Sorry for the delay!
Christopher Baines <address@hidden> skribis:
> This is a port of the functionality in the Guix environment command to the
> guix system container command.
>
> This requires additional changes to the operating-system definitions used, in
> particular, networking related services may need removing if the host network
> is shared.
>
> * guix/scripts/system.scm (system-derivation-for-action): Add
> #:container-shared-network? argument.
> (perform-action): Add #:container-shared-network? argument.
> (show-help): Add "-N, --network" help information.
> (%options): Add network option.
> (process-action): Call perform-action with #:container-shared-network?.

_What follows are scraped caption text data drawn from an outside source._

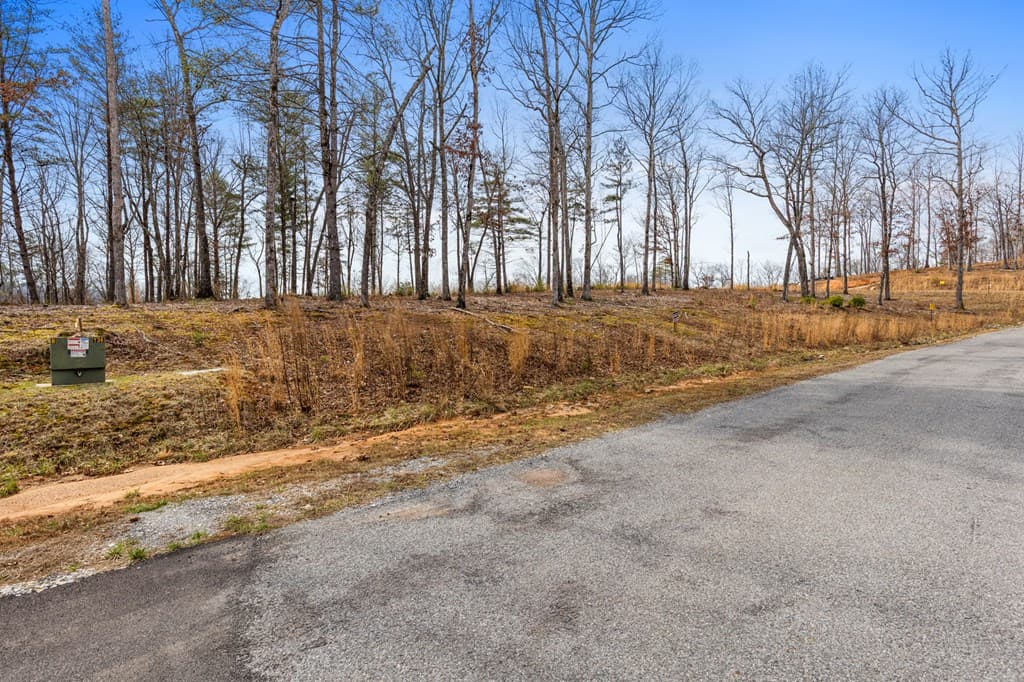 LOT 162 Ridges Of Blue Ridge, Morganton GA 30560 - Photo
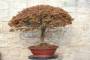 4 - Bonsai Acero Palmatum Kiyohime (26)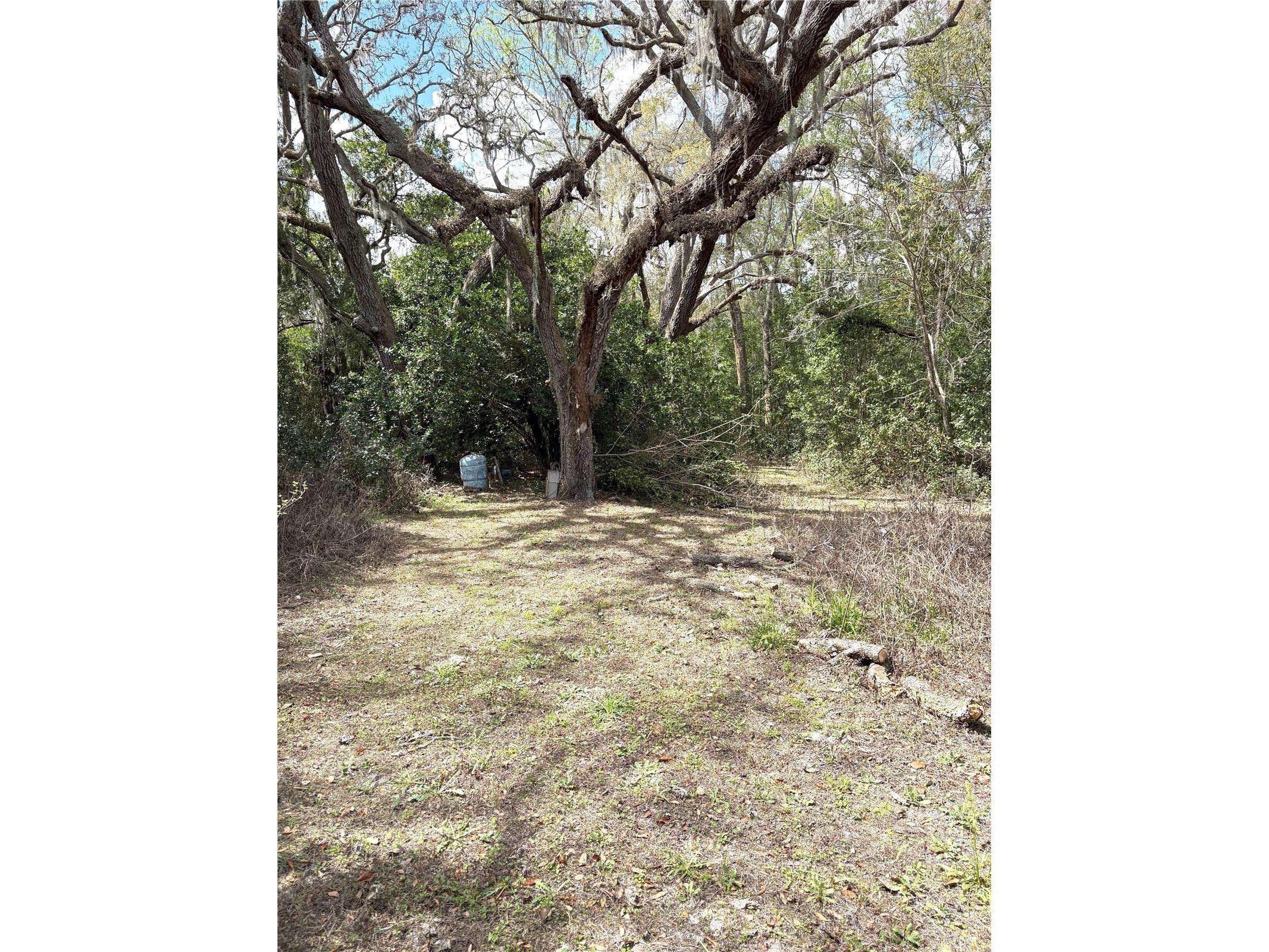 21249 Durden Road Dade City FL 33523 TB8485304 image14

> * gnu/system/linux-container.scm (%network-configuration-files): New variable.
> (container-script): Add support for returning a container script that shares
> the host network.
> * gnu/system.scm (essential-services): Add #:container-shared-network?
> argument.
> (operating-system-services): Add #:container-shared-network? argument.
> (operating-system-etc-service): Add #:container-shared-network? argument,
> and support for ommiting some configuration if the network is shared.
> (operating-system-activation-script): Add #:container-shared-network?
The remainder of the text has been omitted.